- Directed by: Jeff Chang; Marlboro Lai; Kuang Sheng;
- Written by: Jeff Chang; Chen Yin-jung;
- Produced by: Ho Meng-hung; Wang Han-sheng; Lin Hsin-hung; Torquil Boyd; Rujiraporn Hanchaina; Huang Wei-hao;
- Starring: Jolin Tsai; Kim Jae-won; Stephen Fung; Carl Ng;
- Cinematography: Wang Tsan-chin; Chin Hsin; Tiwa Moeithaisong;
- Edited by: Chen Jung-huang; Chiang Chih-hsin;
- Distributed by: EMI
- Release date: September 5, 2007;
- Running time: 70 minutes
- Country: Taiwan
- Languages: Mandarin; Korean; English; Cantonese; Thai;
- Budget: NT$33 million

= Agent J (film) =

2007 Taiwanese film

Agent J (特務J) is a 2007 Taiwanese action romance film. Directed by Chang Jeff Chang, Marlboro Lai, and Kuang Sheng, the film stars Jolin Tsai, Kim Jae-won, Stephen Fung, and Carl Ng. The film is composed of three distinct, unconnected segments, each telling the story of Agent J and her relationships with three different romantic partners.

== Plot ==
Chapter One: The Fate of Agent

Jolin and S are a couple vacationing in Paris. After S asks a local for directions, he turns around only to find that Jolin has disappeared. Despite searching frantically nearby, S is unable to locate her. Unbeknownst to him, Jolin has already been targeted by a secret organization, who abducts her and subjects her to brainwashing and intensive training, transforming her into an agent known only as "J". Now, as an operative of the organization, Jolin is assigned covert missions. For the three years following Jolin's disappearance, S stays in Paris, becoming a personal bodyguard specializing in protecting witnesses. He also devotes himself to uncovering the truth about the mysterious agent "J", who eerily resembles his lost love. Jolin's latest mission is to assassinate the very man—S—who has been relentlessly investigating her. She follows him to a rooftop, where she executes her mission with cold precision. However, just before his death, S offers her a smile that leaves her deeply confused. Driven by this lingering question, Jolin visits S's apartment, where she uncovers the secrets of her own past.

Chapter Two: The Crack of Memory

In a British prison, Jolin is recruited by a secret organization, who offers her a deal: complete a high-profile assassination in exchange for her freedom. Her target is Bluebeard, a notorious criminal mastermind. However, Bluebeard is already aware of the plot against him and has dispatched his own agents to capture Jolin.
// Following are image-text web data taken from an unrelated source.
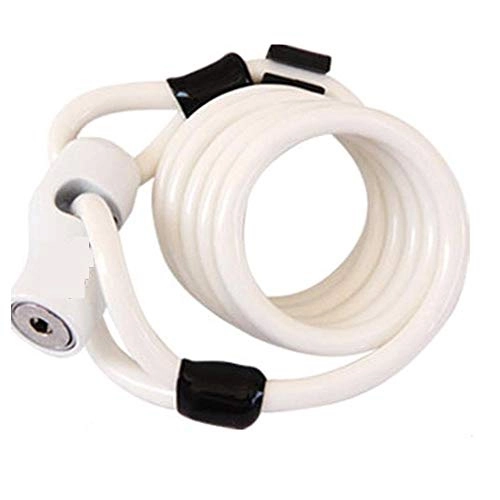 Bike Lock : Bicycle Wheel Lock 2 Key Anti-Theft Motorcycle Mountain Bike Bicycle Road Safety Bicycle Cable Lock (Color : White)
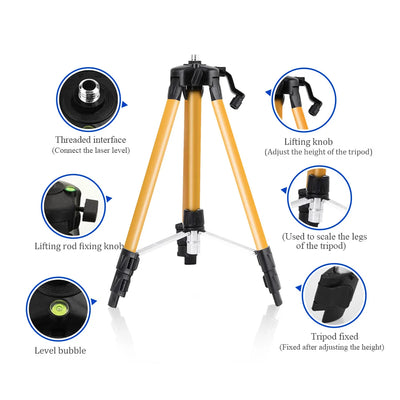 Adjustable Height Laser Level Tripod with Anti-Corrosion Coating - Smarsty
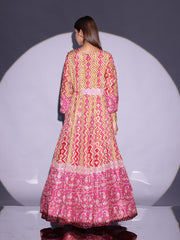 Pink Vasansi Silk Printed Anarkali Gown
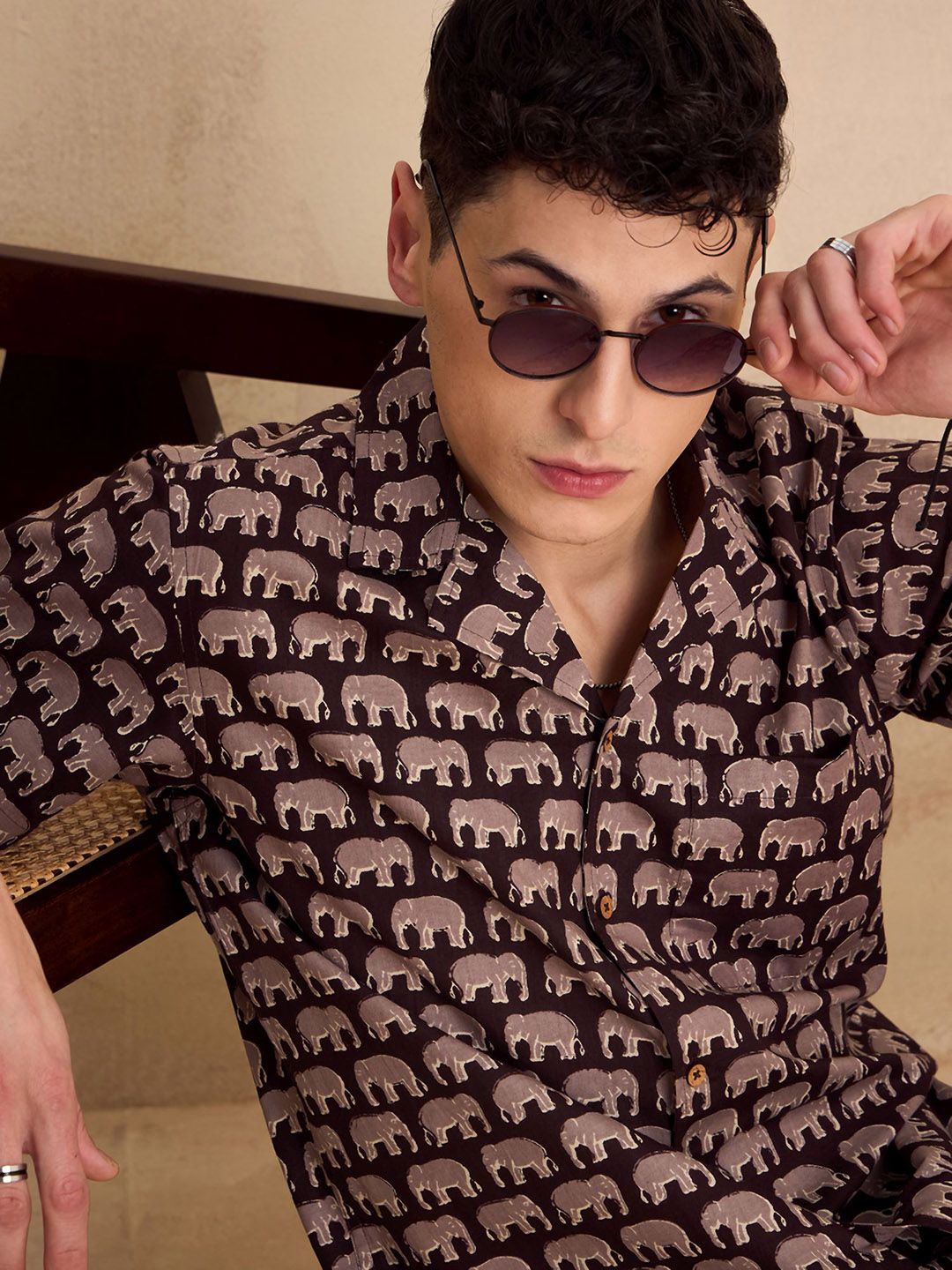 DENNISON Traditional Block Printed Shirt & Shorts Co Ords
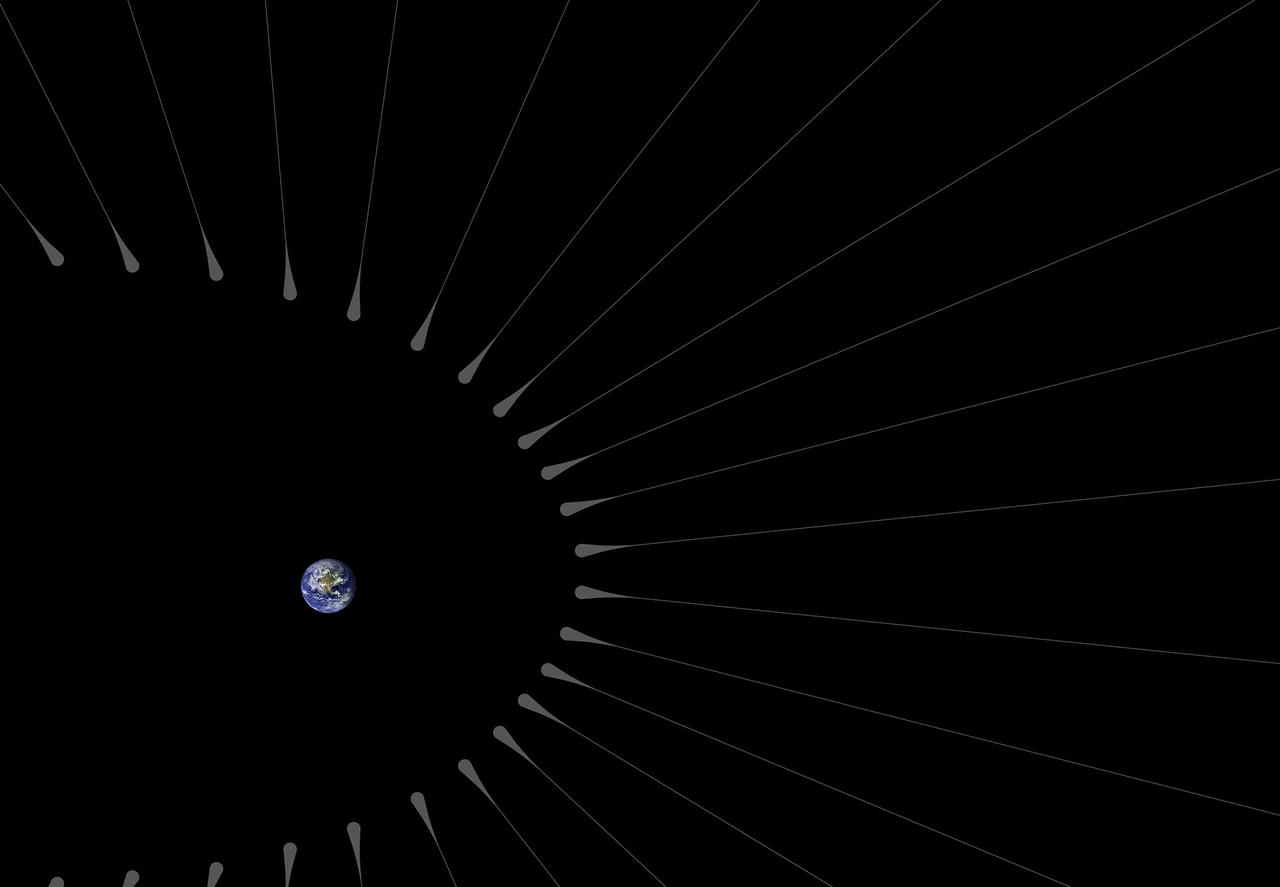 This illustration shows Earth surrounded by filaments of dark matter called "hairs," which are proposed in a study in the Astrophysical Journal by Gary Prézeau of NASA's Jet Propulsion Laboratory, Pasadena, California.  A hair is created when a stream of dark matter particles goes through the planet. According to simulations, the hair is densest at a point called the "root." When particles of a dark matter stream pass through the core of Earth, they form a hair whose root has a particle density about a billion times greater than average.  The hairs in this illustration are not to scale. Simulations show that the roots of such hairs can be 600,000 miles (1 million kilometers) from Earth, while Earth's radius is only about 4,000 miles (6,400 kilometers).  http://photojournal.jpl.nasa.gov/catalog/PIA20177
One day, while being followed by two mysterious men, Jolin receives assistance from a photographer, Lu Hsiao-tung, and the two quickly fall in love. During their relationship, Jolin discovers that Lu is actually an undercover agent working for Bluebeard. One night, while following Bluebeard, Jolin comes face-to-face with Lu, only for Bluebeard to open fire on him. Although Jolin successfully kills Bluebeard, it is too late to save Lu, who dies in her arms.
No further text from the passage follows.